Ne yazık ki, veriye dayalı bir risk değerlendirmesi nedeniyle haksız muamele gören biri için çok az başvuru var çünkü insanlar bu kararların nasıl alındığını nadiren biliyorlar. Bu nedenle, bir kurumsal İK yöneticisi veya Aile Mahkemesi hakimi, hayatları etkili bir şekilde değiştirebilecek kararlar alırken kötü veya eksik verileri kullanıyor olabilir.

RELX ve Thomson Reuters, onları yanlış verilerle ilgili sorumluluktan muaf tutan sorumluluk reddi beyanlarına sahiptir; bu, bilgilerinizin bir başkasınınkiyle karıştırılabileceği ve yanlış koşullarda ciddi sonuçlara yol açabileceği anlamına gelir.

2016 yılında, David Alan Smith adlı bir adam, şirket müstakbel işverenine yanlış bir geçmiş kontrolü sağladığında, LexisNexis Screening Solutions’a başarılı bir şekilde dava açtı. LexisNexis, Smith’in ikinci adının tüm verilerde aynı olduğundan emin olamadı ve bu da kendisine ait olmayan bir sabıka kaydının raporlanmasına neden oldu. Smith’in potansiyel işvereni, kötü verilerin birinin hayatını ne kadar önemli ölçüde etkileyebileceğini gösteren bu rapora dayanarak iş teklifini geri çekti.

Neyse ki mahkemeler LexisNexis’i bu ağır ihmalden sorumlu tuttu, ancak bu her zaman böyle olmuyor.

Verilerin Bu Kötüye Kullanımını Nasıl Durdurabiliriz?

ABD’de gizlilik yasaları henüz yeni olduğundan ve zayıf bir şekilde yapılandırıldığından, en iyi başvurulacak şey bilgili ve sesini duyurmaktır.
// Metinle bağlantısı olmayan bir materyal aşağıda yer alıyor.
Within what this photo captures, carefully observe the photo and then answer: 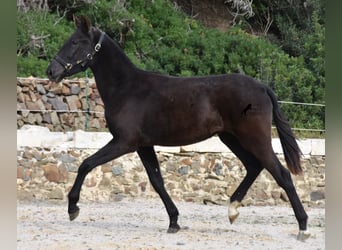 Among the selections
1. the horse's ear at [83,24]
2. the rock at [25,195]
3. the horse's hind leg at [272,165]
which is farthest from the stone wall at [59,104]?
the horse's hind leg at [272,165]

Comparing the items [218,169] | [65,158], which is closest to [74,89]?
[65,158]

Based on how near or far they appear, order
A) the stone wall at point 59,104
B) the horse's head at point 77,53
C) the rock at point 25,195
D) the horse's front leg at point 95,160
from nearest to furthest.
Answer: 1. the horse's front leg at point 95,160
2. the horse's head at point 77,53
3. the rock at point 25,195
4. the stone wall at point 59,104

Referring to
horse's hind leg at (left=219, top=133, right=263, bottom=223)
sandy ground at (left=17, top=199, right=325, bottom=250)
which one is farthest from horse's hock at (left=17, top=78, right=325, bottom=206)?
horse's hind leg at (left=219, top=133, right=263, bottom=223)

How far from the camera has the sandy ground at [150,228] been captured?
4504mm

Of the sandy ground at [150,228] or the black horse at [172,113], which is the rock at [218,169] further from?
the black horse at [172,113]

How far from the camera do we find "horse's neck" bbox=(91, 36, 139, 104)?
200 inches

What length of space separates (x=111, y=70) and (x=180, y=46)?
627 cm

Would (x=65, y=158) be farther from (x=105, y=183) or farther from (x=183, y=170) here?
(x=183, y=170)

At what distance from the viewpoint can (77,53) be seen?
5.00 m

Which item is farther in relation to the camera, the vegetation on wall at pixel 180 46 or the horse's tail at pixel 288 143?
the vegetation on wall at pixel 180 46

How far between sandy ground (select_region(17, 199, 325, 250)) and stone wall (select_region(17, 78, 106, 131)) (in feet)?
5.32

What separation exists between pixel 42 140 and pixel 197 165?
2145 millimetres

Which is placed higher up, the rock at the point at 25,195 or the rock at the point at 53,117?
the rock at the point at 53,117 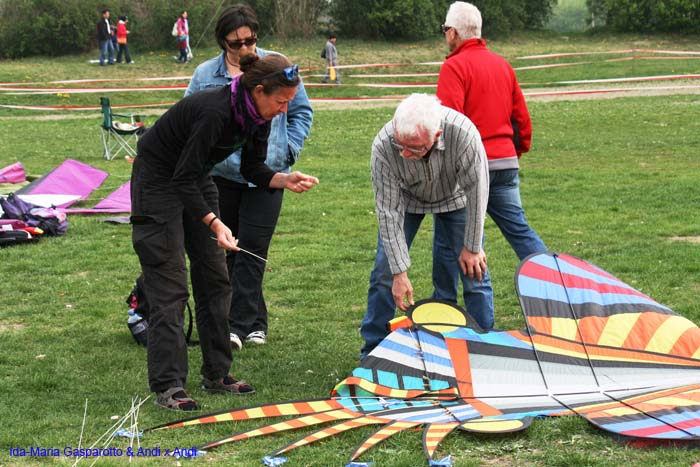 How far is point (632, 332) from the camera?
460 centimetres

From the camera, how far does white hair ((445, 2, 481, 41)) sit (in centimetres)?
541

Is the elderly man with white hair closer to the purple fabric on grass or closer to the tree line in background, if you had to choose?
the purple fabric on grass

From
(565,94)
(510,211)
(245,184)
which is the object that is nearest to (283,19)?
(565,94)

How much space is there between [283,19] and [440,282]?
32.7 metres

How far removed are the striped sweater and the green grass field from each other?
0.91 m

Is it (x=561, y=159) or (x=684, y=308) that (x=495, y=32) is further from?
(x=684, y=308)

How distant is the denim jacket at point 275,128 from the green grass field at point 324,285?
106cm

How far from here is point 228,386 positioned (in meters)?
4.86

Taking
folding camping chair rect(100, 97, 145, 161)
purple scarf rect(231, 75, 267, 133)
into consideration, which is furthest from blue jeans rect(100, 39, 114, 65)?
purple scarf rect(231, 75, 267, 133)

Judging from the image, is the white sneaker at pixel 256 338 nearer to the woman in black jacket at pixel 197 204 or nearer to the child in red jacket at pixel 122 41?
the woman in black jacket at pixel 197 204

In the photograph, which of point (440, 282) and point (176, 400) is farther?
point (440, 282)

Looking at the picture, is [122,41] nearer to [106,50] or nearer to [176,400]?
[106,50]

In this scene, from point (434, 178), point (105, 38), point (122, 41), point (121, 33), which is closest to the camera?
Result: point (434, 178)

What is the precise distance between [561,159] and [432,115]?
961cm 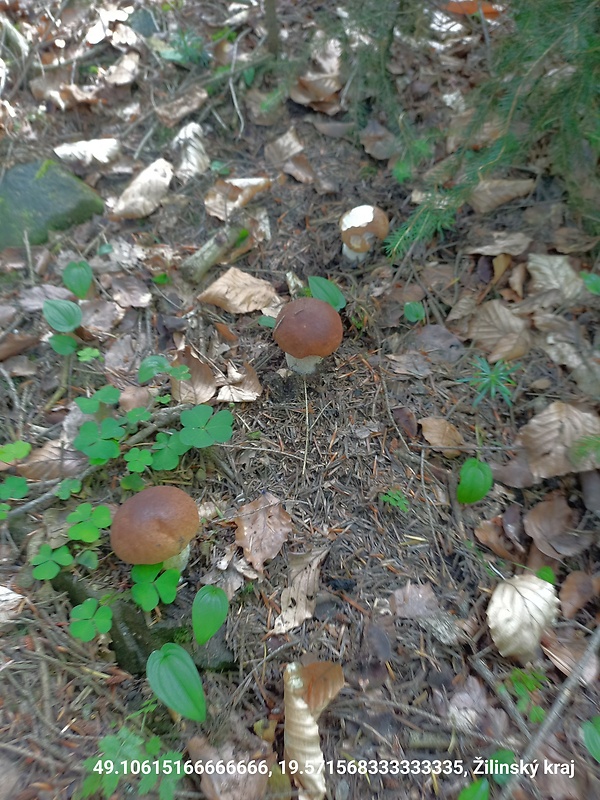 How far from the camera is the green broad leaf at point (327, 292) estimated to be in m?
2.67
Kolluk kuvvetlerinin ve yasal kurumların verileri elde etme ve veriler üzerinde işlem yapma şeklini değiştirmek için çalışan çevrimiçi dilekçeler ve kuruluşlar var.
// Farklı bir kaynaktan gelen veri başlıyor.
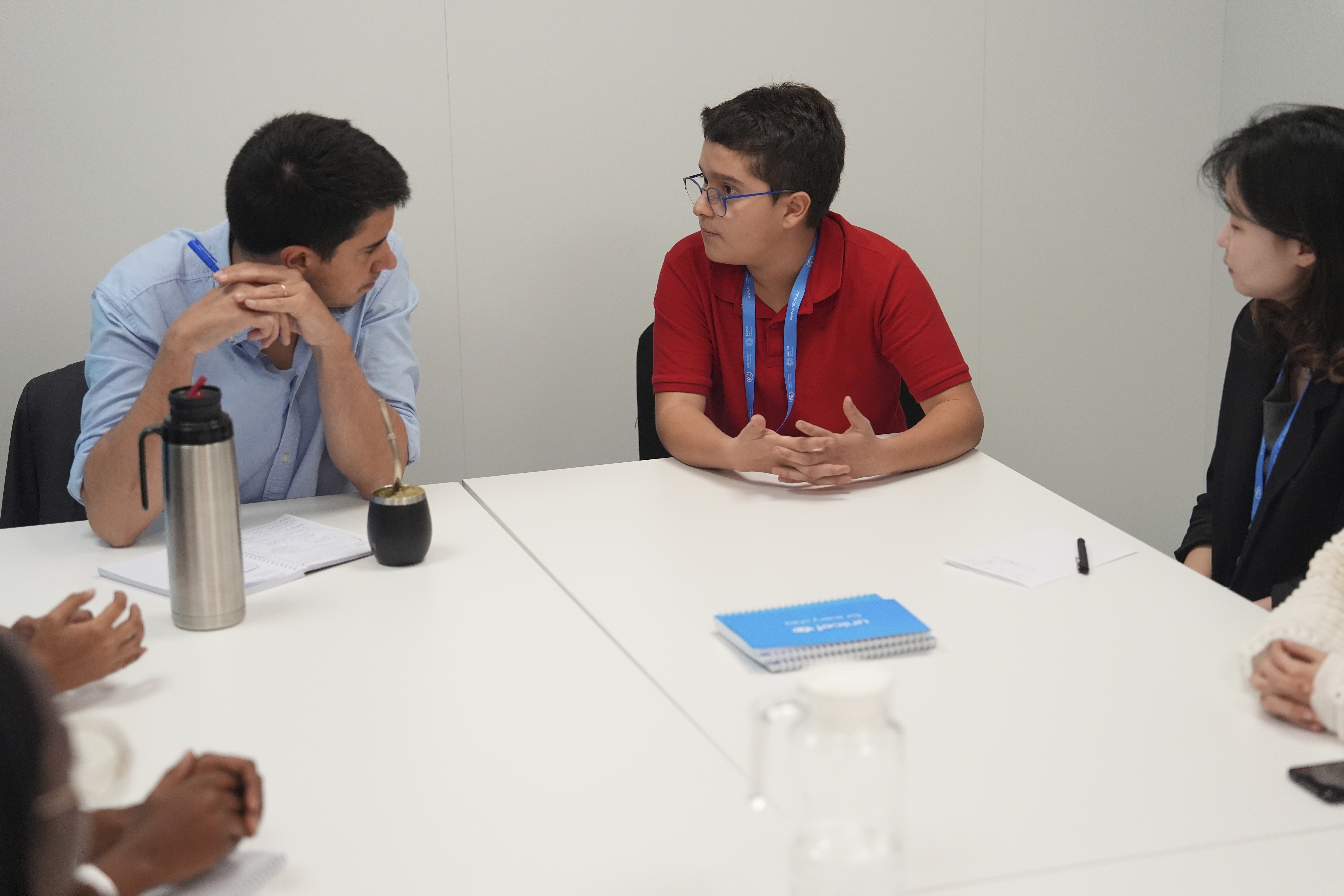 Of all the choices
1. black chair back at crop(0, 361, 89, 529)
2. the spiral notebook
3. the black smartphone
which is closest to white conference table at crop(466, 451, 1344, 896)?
the black smartphone

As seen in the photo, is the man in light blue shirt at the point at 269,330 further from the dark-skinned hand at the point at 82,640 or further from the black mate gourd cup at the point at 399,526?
the dark-skinned hand at the point at 82,640

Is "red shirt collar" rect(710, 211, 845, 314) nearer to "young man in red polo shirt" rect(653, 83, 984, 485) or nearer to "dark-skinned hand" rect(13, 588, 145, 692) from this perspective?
"young man in red polo shirt" rect(653, 83, 984, 485)

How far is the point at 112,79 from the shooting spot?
292 centimetres

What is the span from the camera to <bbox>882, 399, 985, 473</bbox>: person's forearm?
7.40 ft

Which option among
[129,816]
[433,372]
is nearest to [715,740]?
[129,816]

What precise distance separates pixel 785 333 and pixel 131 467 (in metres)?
1.30

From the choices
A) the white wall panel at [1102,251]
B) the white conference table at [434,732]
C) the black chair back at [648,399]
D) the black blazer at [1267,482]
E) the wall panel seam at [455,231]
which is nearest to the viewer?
the white conference table at [434,732]

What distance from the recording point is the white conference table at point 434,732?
1092 mm

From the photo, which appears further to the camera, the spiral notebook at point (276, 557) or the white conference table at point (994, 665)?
the spiral notebook at point (276, 557)

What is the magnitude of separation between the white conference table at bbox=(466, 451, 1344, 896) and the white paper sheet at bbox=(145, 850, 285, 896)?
464mm

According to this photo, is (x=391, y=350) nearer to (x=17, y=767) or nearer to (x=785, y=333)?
(x=785, y=333)

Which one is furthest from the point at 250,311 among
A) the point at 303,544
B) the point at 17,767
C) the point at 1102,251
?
the point at 1102,251

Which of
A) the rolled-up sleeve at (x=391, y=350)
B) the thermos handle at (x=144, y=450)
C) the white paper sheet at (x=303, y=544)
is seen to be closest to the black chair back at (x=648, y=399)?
the rolled-up sleeve at (x=391, y=350)

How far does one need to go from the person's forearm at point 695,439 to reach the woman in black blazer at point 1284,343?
89cm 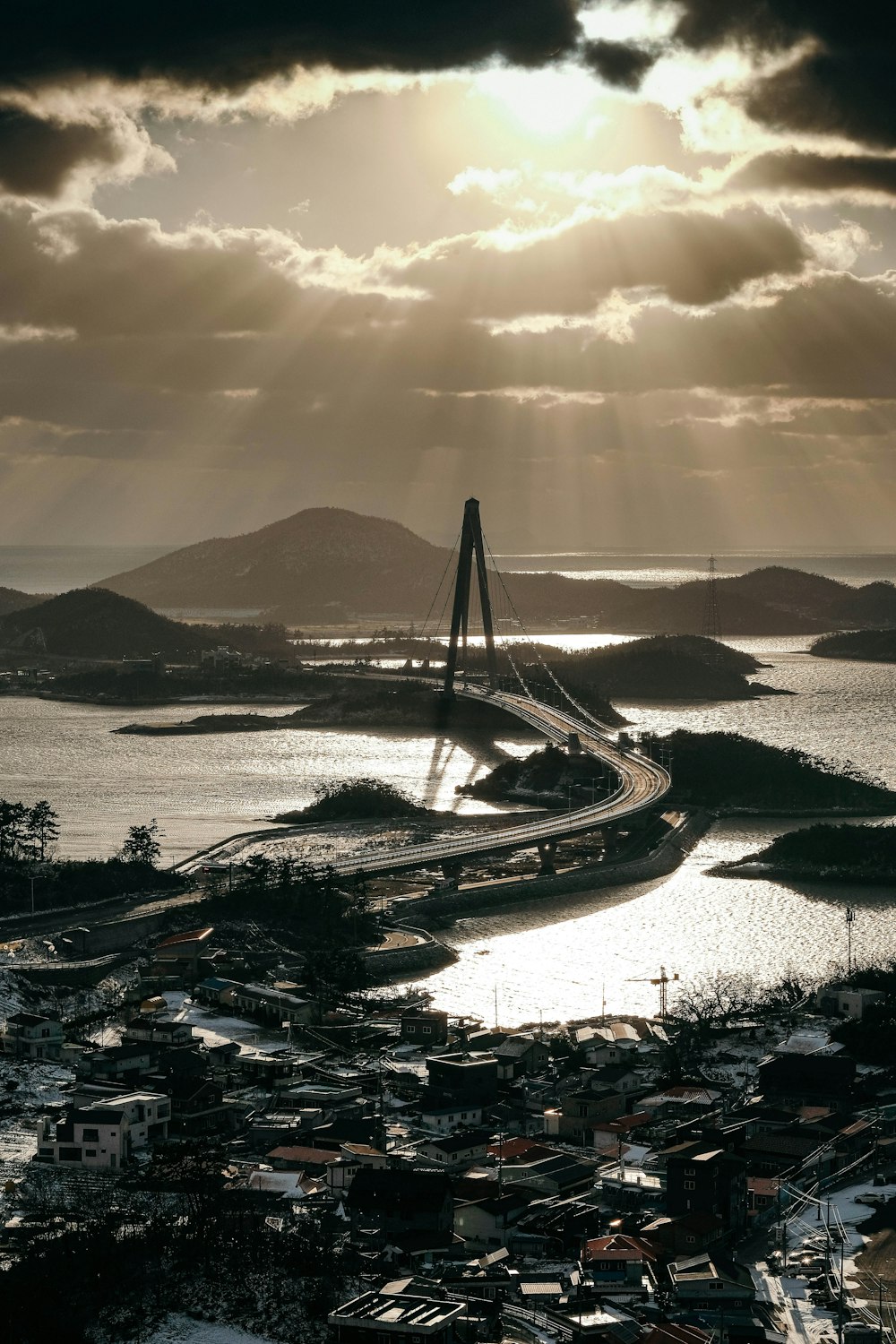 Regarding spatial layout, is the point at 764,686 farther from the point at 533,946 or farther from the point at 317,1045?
the point at 317,1045

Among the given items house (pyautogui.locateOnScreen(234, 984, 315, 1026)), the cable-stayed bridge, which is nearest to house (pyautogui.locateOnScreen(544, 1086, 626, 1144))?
house (pyautogui.locateOnScreen(234, 984, 315, 1026))

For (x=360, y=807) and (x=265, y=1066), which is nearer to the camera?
(x=265, y=1066)

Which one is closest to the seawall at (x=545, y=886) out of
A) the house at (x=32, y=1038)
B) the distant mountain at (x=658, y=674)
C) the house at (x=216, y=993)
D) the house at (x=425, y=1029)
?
the house at (x=216, y=993)

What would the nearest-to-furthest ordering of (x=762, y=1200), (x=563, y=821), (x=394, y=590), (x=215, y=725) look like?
(x=762, y=1200), (x=563, y=821), (x=215, y=725), (x=394, y=590)

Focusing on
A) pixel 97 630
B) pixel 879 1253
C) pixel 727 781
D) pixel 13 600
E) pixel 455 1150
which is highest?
pixel 13 600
Umarım, yeterli halk desteğiyle, yasa koyucuları harekete geçmeye zorlayabiliriz. Her kişinin kendi verilerini kontrol etme hakkı vardır. Bu hakkı tehdit eden herhangi bir kuruluş sorumlu tutulmalı ve bunun devam etmesini önlemek için korumalar devreye sokulmalıdır.